Now, the way the colonists saw it was that they had no say or representation in their national government, and, therefore, Parliament had no right to tax them. This is where the saying came from, “no taxation without representation”.

Well, in 1766, Parliament passed what is called the “Declaratory Act”. This act gave the British government the authority to legislate the laws and rules for the American colonies, and in all cases the government had the final authority.

So, colonist groups began to organize at the grassroots level and they formed patriotic clubs and organizations known as the “Sons of Liberty”. They would use these club meetings to talk through their unfair circumstances and they began to send delegates and representatives to the British leaders to try and convince them that what they were doing was not for the good of the people. But the British government had their own ideas as to what was best for the people, so most of the time they would not even listen.

Starting to sound a little too familiar?

    So as the different Liberty groups in each city began to form and grow, they found themselves linking up with other city groups causing them to become bolder in their speaking out. In the City of Boston there was a famous elm tree where the Sons of Liberty would meet. This tree came to be known as the “Liberty Tree” and it became a rallying point for the growing colonist resistance against the British rule.
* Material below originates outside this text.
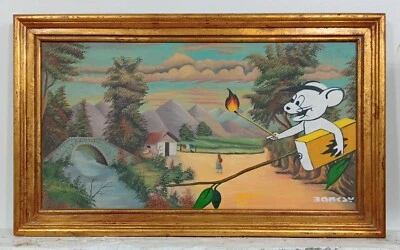 BANKSY ÓLEO SOBRE LIENZO (MICKEY MOUSE PYROMANIAC) CON MARCO EN HOJA DE ORO BONITO Foto 1 de 4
Soon each city and community began to pick their own liberty tree as a meeting spot as a symbol of their individual liberty. As these liberty groups began to me in large numbers and the attendance began to grow, in their attempt to stop these meetings, the British government ordered that holding any meetings not authorized by the government was against the law. So, the Sons of Liberty members began to meet in secret.

Well, the struggle continued between the colonists and the British government with more and more laws being enacted. What seemed to be the final straw was that in 1773, a new act, the “Tea Act” was passed, placing a heavy tax on all tea transported to the colonies. Shortly after the Tea Act was passed, a number of ships entered Boston Harbor carrying on board hundreds of thousands of pounds of tea. When the local liberty group heard of the ship’s arrival, they sent a message to the ship’s captain not to unload the tea because they would not pay that tax. But the local British authorities would not budge, so there sat the three ships in Boston Harbor.

Now no one knows for sure who really planned that “tea party” or who the real leaders were, but one night somewhere between 30 and 130 Men thinly disguised as Indians boarded the three ships and, over the course of three hours, dumped all the tea into the harbor – this dumping of that tea became known as the “Boston Tea Party”. Interestingly enough, later that Tea Act was actually repealed, but the damage had already been done, and the people had determined that their government would not listen to them – and they began to move for independence.

So, here’s my question for you, “Are the events in our lives which make us wake up and act – are they good or bad?” It was patriot, Edmund Burke, who said, “He who wrestles with us strengthens our nerves and sharpens our skills; our antagonist is our helper”.

But this one thing we do know – if the British government had not pushed the colonists too far, well, today, we might still be speaking with a British accent.

And one last thought, “What should “We The People” be doing today if we feel we are not being heard?

And are mere protests enough? You tell me.